New Anti-Online Gambling Bill Surfaces in Congress

anti online gambling bill

If at first you don’t succeed, try, try again. That appears to be the mantra of the anti-online gambling crowd, after another anti-online gambling bill, S 3322, has surfaced in the halls of Congress.

The latest effort was put forth by Arkansas Sen. Tom Cotton and bears the not-at-all over-the-top title of, The Prevention of Deceptive or Child-Targeted Advertising in Violation of the Unlawful Internet Gambling Enforcement Act.

The crux of the bill implies that the 2006 Unlawful Internet Gambling Enforcement Act (UIGEA) isn’t being properly enforced, and calls on Congress to study the matter, particularly the use of cartoon characters “designed to be attractive to children.”

The bill stops short of recommending a “restoration” of the 1961 Wire Act (that is already playing in the courts at the moment) and instead calls on the government to study the situation, but under the auspices that online gambling is illegal, despite the numerous states that have legalized online poker, casino games, sports betting, and lottery products.

Essentially, since the 2018 Department of Justice opinion on the Wire Act has failed to scare states away from legalizing online gambling, the new bill is attempting to spook the financial institutions that are processing the payments for legal online gambling websites in the US.

Please Report Back with Your Findings

Based on the language of the bill, the findings of the studies are supposed to be predetermined:

an assessment of the means by which online casino and lottery gambling websites or mobile applications receive funds from players for gambling activities in light of the prohibition on the use of financial instruments in the United States for unlawful internet gambling under subchapter IV of chapter 53 of title 31, United States Code; 

the prevalence of both targeted and non-targeted advertising for online slot machines, lotteries, table games, and similar offerings that are offered by online casinos and lotteries and… employ content that is targeted toward children, such as through the use of cartoon characters or themes based on children’s fairy tales;

efforts by internet website and mobile application developers to deceptively present unlawful internet gambling opportunities, including online slot machines, lotteries, table games, and similar offerings as part of non-gambling gameplay or application use within websites and mobile applications offered to users in the United States; and to users of websites and mobile applications that are targeted toward or known to be frequently accessed by children;

A Familiar Argument

Interestingly, the use of “cartoon characters” was a talking point used by the Coalition to Stop Internet Gambling in the past, which may offer a clue as to who is backing Sen.

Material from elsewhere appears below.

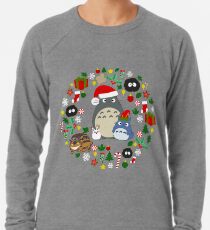 Weihnachten Totoro in Feuerzeug Grey - Urlaub, Weihnachten, Geschenke, Pfefferminze, Candy Cane, Mistel, Schneeflocke, Weihnachtsstern, Anime, Catbus, Ruß Sprite, blau, weiß, Manga, Hayao Miyazaki, Studio Ghibl Leichter Pullover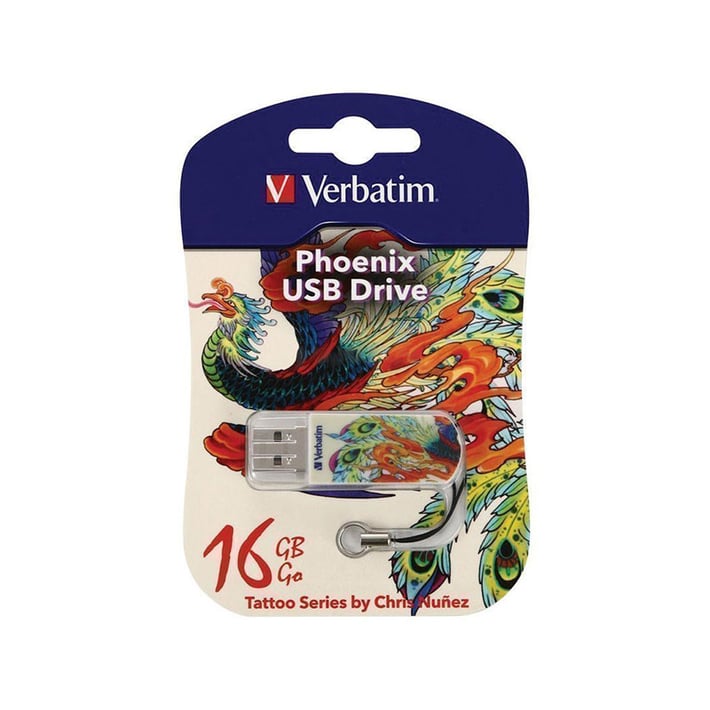 Verbatim USB флаш памет Mini Tattoo, USB 2.0, 16 GB, феникс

Cotton’s legislation.

CSIG lobbyist Jon Bruning wrote the following in 2018 about the dangers of online gambling:

“Other schemes employed overseas to lure children include using cartoon and storybook characters, placing online gambling links on youth soccer fan pages and listing a gambling website on a package of free jellybeans without a warning label.”

A Snowball’s Chance in Hell

It’s a strange time in politics, and the sudden emergence of the Department of Justice Office of Legal Counsel opinion on the Wire Act that undid a 2011 opinion should give us pause that anything is possible.

However, with a divided Congress, and the fingerprints of Sheldon Adelson and CSIG all over it, this bill seems destined for the scrap heap.